[Exercise requirements]: Repeat verbatim, and only, the lines of the data below, beginning at the line that contains "Charmed Studs Crystal Pearl" and stopping after the line that contains "邁凱倫推出了邁凱倫Senna GTR概念車,塞納GTR萬寶路涂裝".

[[ Material for the task open ]]

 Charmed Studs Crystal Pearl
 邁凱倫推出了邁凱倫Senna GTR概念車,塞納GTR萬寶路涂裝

[[ Material for the task closed ]]
[[ Material for the task open ]]

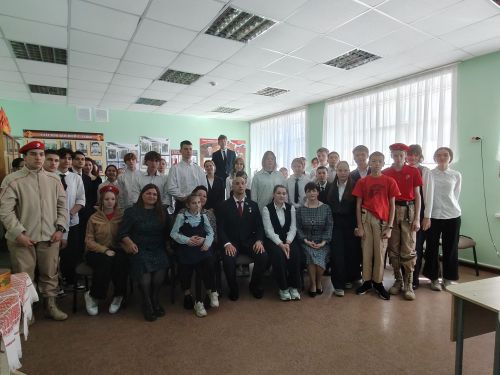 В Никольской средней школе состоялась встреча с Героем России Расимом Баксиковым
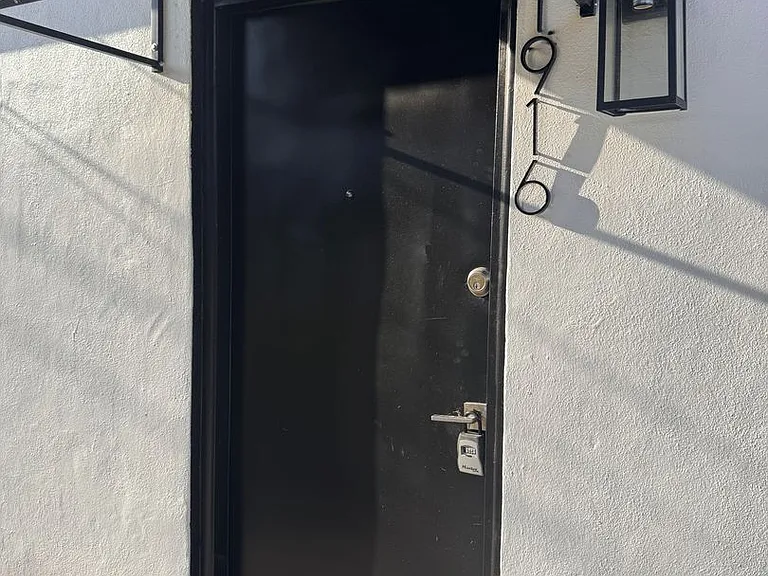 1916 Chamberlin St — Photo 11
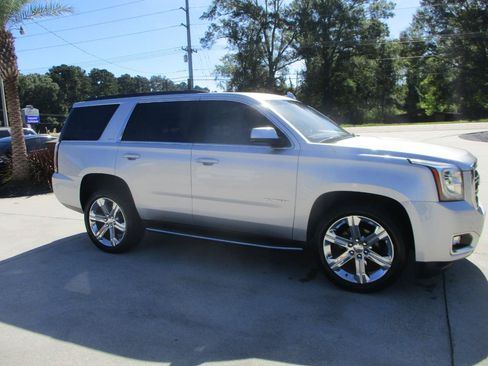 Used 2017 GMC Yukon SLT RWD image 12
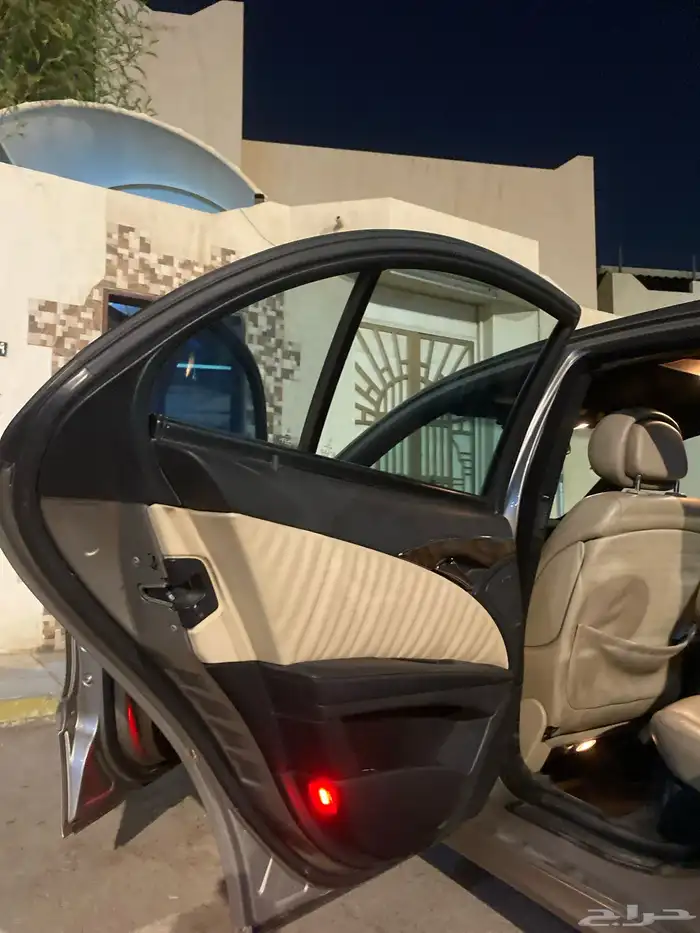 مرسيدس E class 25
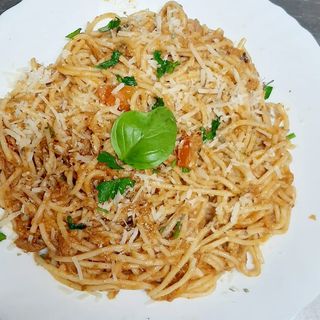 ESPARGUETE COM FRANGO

[[ Material for the task closed ]]
[[ Material for the task open ]]

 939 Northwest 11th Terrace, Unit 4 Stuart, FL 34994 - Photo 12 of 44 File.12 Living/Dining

[[ Material for the task closed ]]

[Output for this exercise]:
 Charmed Studs Crystal Pearl
 邁凱倫推出了邁凱倫Senna GTR概念車,塞納GTR萬寶路涂裝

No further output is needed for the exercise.